Segment Start: Records supplied
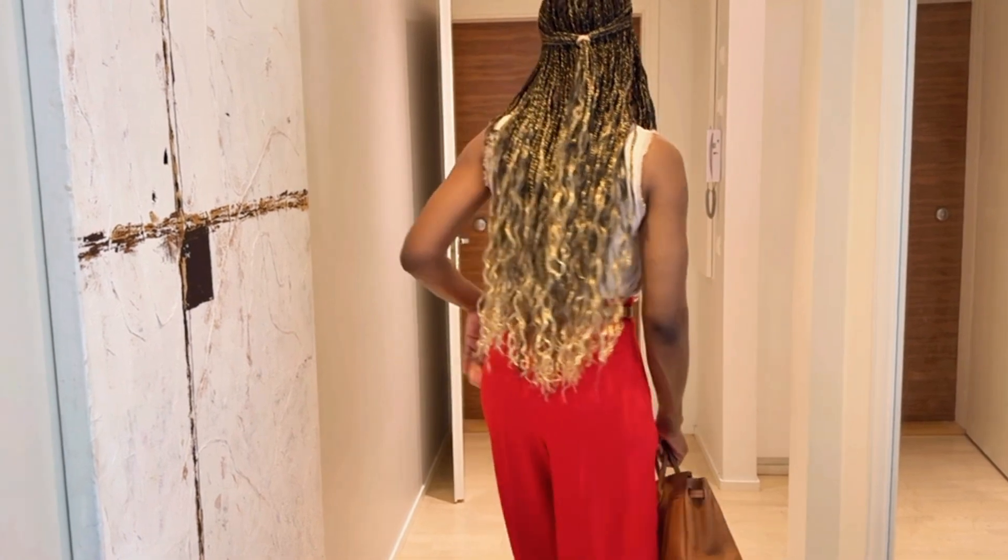Outfit nine: burnt orange and navy is another dynamic duo for fall. Burnt orange captures the essence of the season while navy keeps the look grounded and sophisticated. Try a burnt orange dress with a navy coat, burnt orange trousers with a navy sweater or blazer, or a navy sweater with a burnt orange skirt. Together they create an outfit that's both bold and timeless.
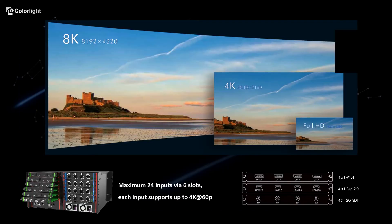Let's take a look at the back panel of Z8, from left to right. The slots on the left side are input boards of Z8, where we can plug in replaceable input cards. We have 4x DisplayPort 1.4, 4x HDMI 2.0, and 4x 12G SDI here.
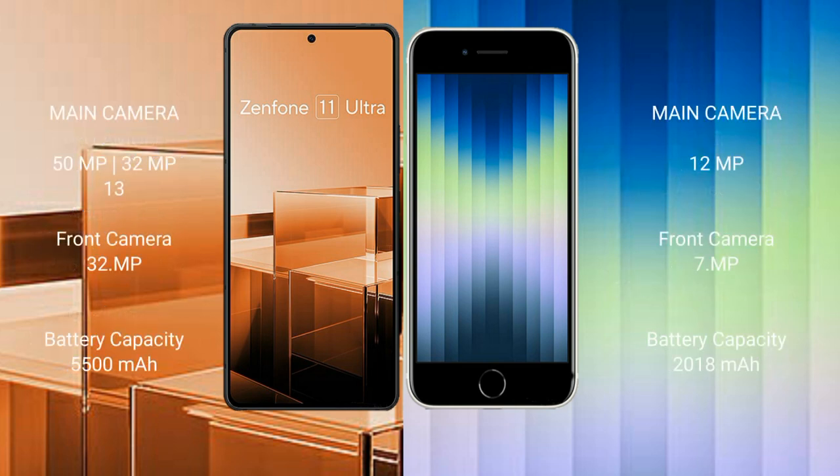Asus Zenfone 11 Ultra features a rear triple camera setup: 50MP main, 32MP, and 13MP lenses, plus a 32MP front camera. iPhone SE features a rear single camera setup at 12MP and a 7MP front camera.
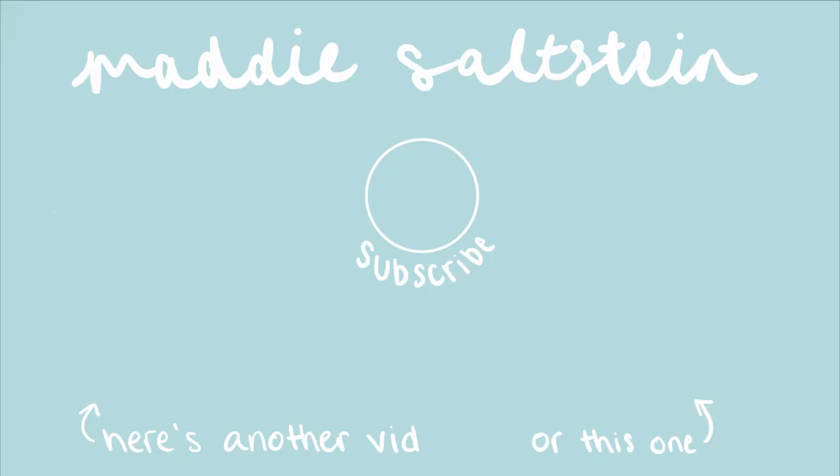But that was it for my thrift haul. Make sure to like, comment, subscribe, turn on my post notifications, and I'll see you in the next one. Bye!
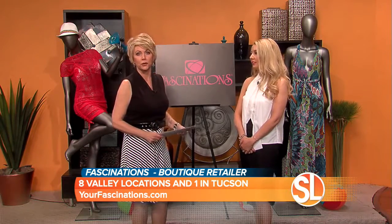At Fascinations, we work hard to find unique fashions and new trends that you're not going to see elsewhere. And that's the thing — you don't want to feel like you're rocking a great swimsuit and everybody else has the same one. So here we go, we have our first model.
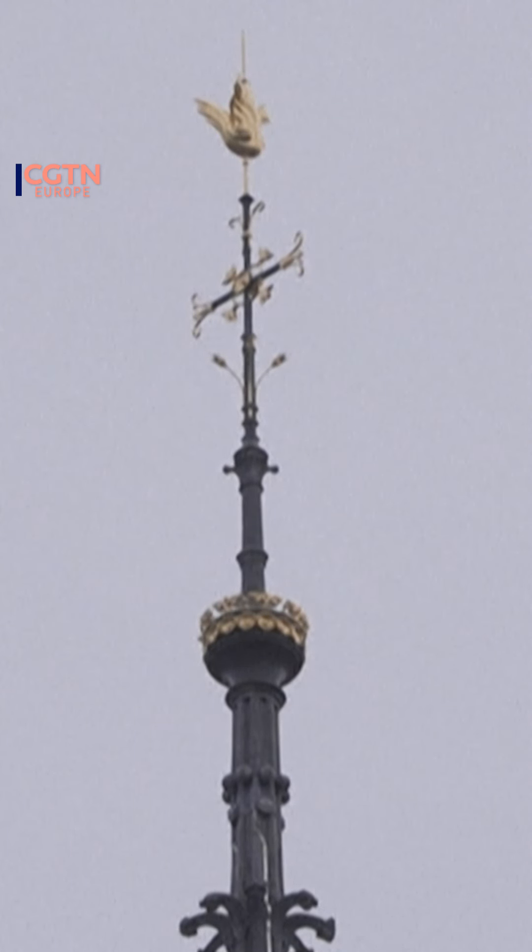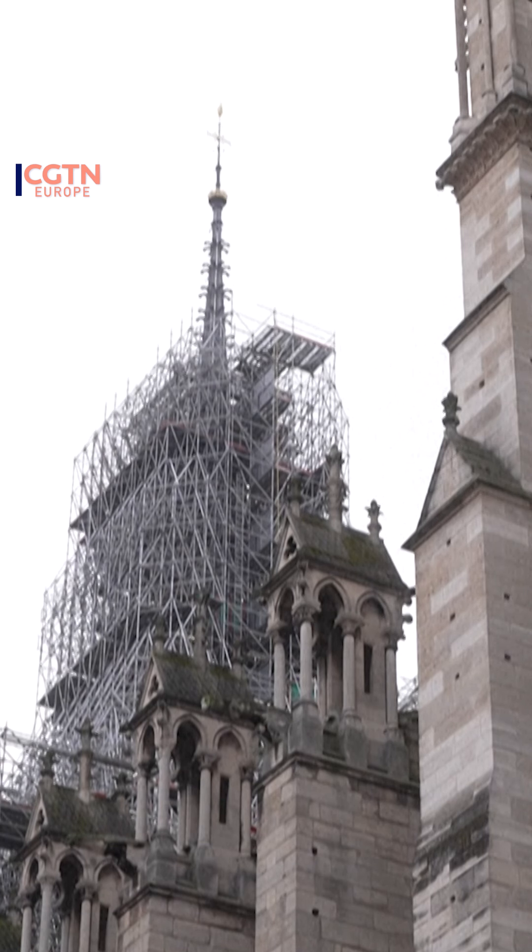Inside the rooster also sits a sealed document with the names of the nearly 2,000 people that have worked on this restoration project. There was actually a competition for alternative ideas run by two young Chinese designers — they wanted to put a mirrored roof and spire on top with a time capsule — but ultimately French officials decided to stick with tradition.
Segment End: Records supplied
* The problem
Please repeat every record exactly as it stands, leaving out any pictures.

* Result
Outfit nine: burnt orange and navy is another dynamic duo for fall. Burnt orange captures the essence of the season while navy keeps the look grounded and sophisticated. Try a burnt orange dress with a navy coat, burnt orange trousers with a navy sweater or blazer, or a navy sweater with a burnt orange skirt. Together they create an outfit that's both bold and timeless.
Let's take a look at the back panel of Z8, from left to right. The slots on the left side are input boards of Z8, where we can plug in replaceable input cards. We have 4x DisplayPort 1.4, 4x HDMI 2.0, and 4x 12G SDI here.
Asus Zenfone 11 Ultra features a rear triple camera setup: 50MP main, 32MP, and 13MP lenses, plus a 32MP front camera. iPhone SE features a rear single camera setup at 12MP and a 7MP front camera.
But that was it for my thrift haul. Make sure to like, comment, subscribe, turn on my post notifications, and I'll see you in the next one. Bye!
At Fascinations, we work hard to find unique fashions and new trends that you're not going to see elsewhere. And that's the thing — you don't want to feel like you're rocking a great swimsuit and everybody else has the same one. So here we go, we have our first model.
Inside the rooster also sits a sealed document with the names of the nearly 2,000 people that have worked on this restoration project. There was actually a competition for alternative ideas run by two young Chinese designers — they wanted to put a mirrored roof and spire on top with a time capsule — but ultimately French officials decided to stick with tradition.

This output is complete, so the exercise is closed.